Home Ekonomi Ketimpangan DIY Paling Tinggi, Pendidikan Jadi Solusi

Ketimpangan DIY Paling Tinggi, Pendidikan Jadi Solusi

Yogyakarta, gatra.net – Angka ketimpangan ekonomi atau rasio gini Daerah Istimewa Yogyakarta (DIY) kembali jadi yang paling tinggi di Indonesia. Badan Pusat Stastitik (BPS) merilis data angka rasio gini DIY hingga Maret 2019 mencapai 0,423, lebih tinggi 0,001 dibanding September 2018.

Gubernur DIY Sri Sultan Hamengku Buwono X pun mengatakan data itu sebenarnya menunjukkan adanya dampak positif berupa pertumbuhan ekonomi di beberapa wilayah yang selama ini dikategorikan miskin.

“Dari temuan kami, di kantong-kantong kemiskinan masyarakat di sana lebih mementingkan pakan ternak dibandingkan memperoleh kehidupan yang sehat dan layak. Menghadapai kondisi ini kami harus bagaimana?” kata Sultan di kompleks kantor Pemda DIY, Selasa (16/7).

Baca Juga: Dana Rp 1,5 M APBD Jogja buat Warga Miskin Salah Sasaran

Sultan melihat ekonomi di daerahnya timpang karena pendidikan tidak merata. Menurut dia, mereka yang menikmati keuntungan pembangunan saat ini adalah para pekerja yang memiliki pendidikan tinggi. Sedangkan masyarakat bawah lebih banyak bekerja di sektor informal yang umumnya berpendapatan rendah.

Selain itu, pertumbuhan ekonomi antar-wilayah juga masih timpang dan tidak seimbang. Karena itu, menurut Sultan, kehadiran Bandara Internasional Yogyakarta di Kulonprogo menjadi pemacu masyarakat untuk mengejar ketinggalan ekonomi.
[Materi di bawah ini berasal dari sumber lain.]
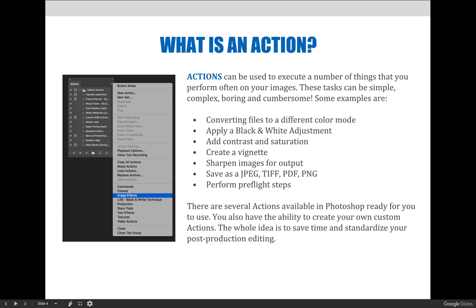These tasks can be simple, complex, boring, or even cumbersome. Some good examples of when to use an action include converting files from one color mode to another — maybe from RGB to CMYK in preparation for commercial printing — to apply a black and white adjustment on a colored image, to add contrast and/or saturation to a series of photographs, to create a stylized vignette as a border on a series of images, or to sharpen images in preparation of output.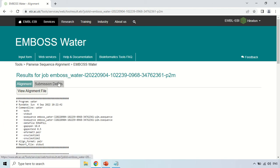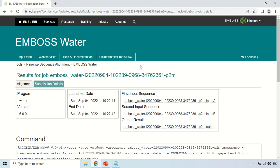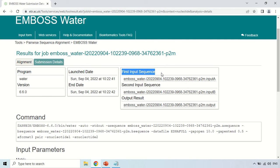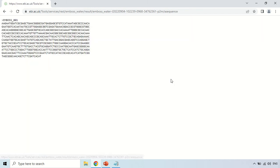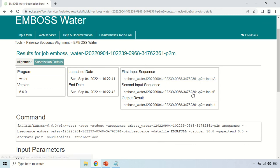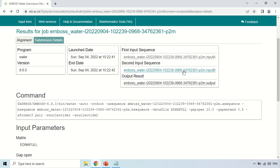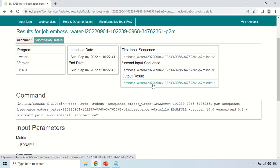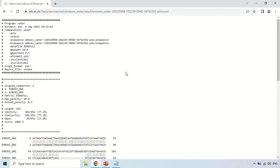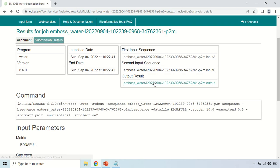Under the Submission Details tab, if you click here it will show information about your submission: the program run was EMBOSS Water, version 6.6.0, the launch date, and when the result was available. It also shows a link to the first input sequence and the second input sequence — clicking each link shows you the respective full sequence. There is also a link to the output result which displays the alignment output we discussed earlier.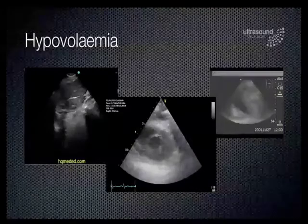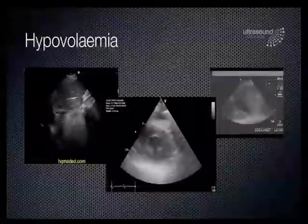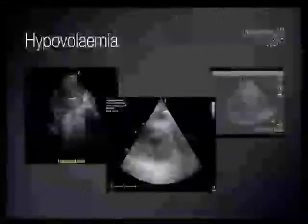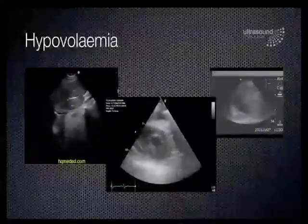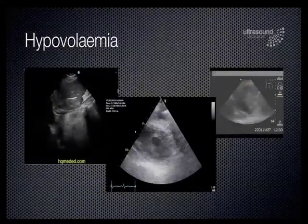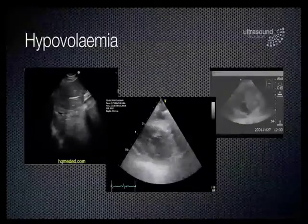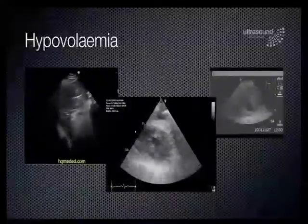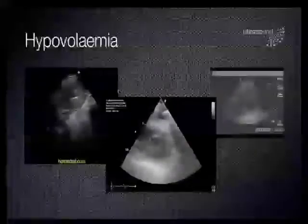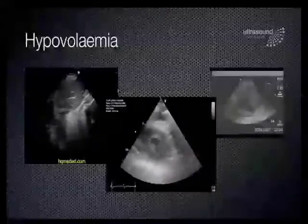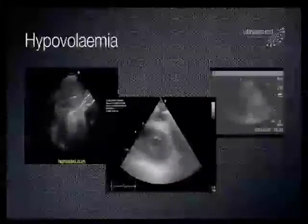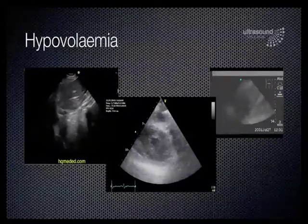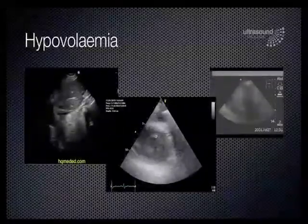In this example, three separate clips from left to right show: firstly a collapsed IVC indicating a hypovolemic state, in the middle a hyperdynamic left ventricle, and on the right a FAST scan left upper quadrant showing fluid around the spleen.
“Bagi saya yang terpenting adalah akses pendidikan yang utama. Sebab, meskipun pembangunan infrastruktur dikedepankan, tapi bila masyarakat tidak sadar maka akan sama saja. Tidak memberikan hasil apapun,” ucapnya.

Baca Juga: BUMN Gelar Pasar Murah di Desa Miskin Terdampak BIY

Sultan pun berharap program pendidikan wajib 12 tahun bisa menghadirkan angkatan kerja yang bisa memperoleh pendapatan lebih tinggi.

Adapun Guru Besar Fakultas Ekonomika dan Bisnis Universitas Gadjah Mada Mudrajat Kuncoro mengatakan pemerintah daerah wajib mengatasi ketimpangan dengan pemerataan ekonomi.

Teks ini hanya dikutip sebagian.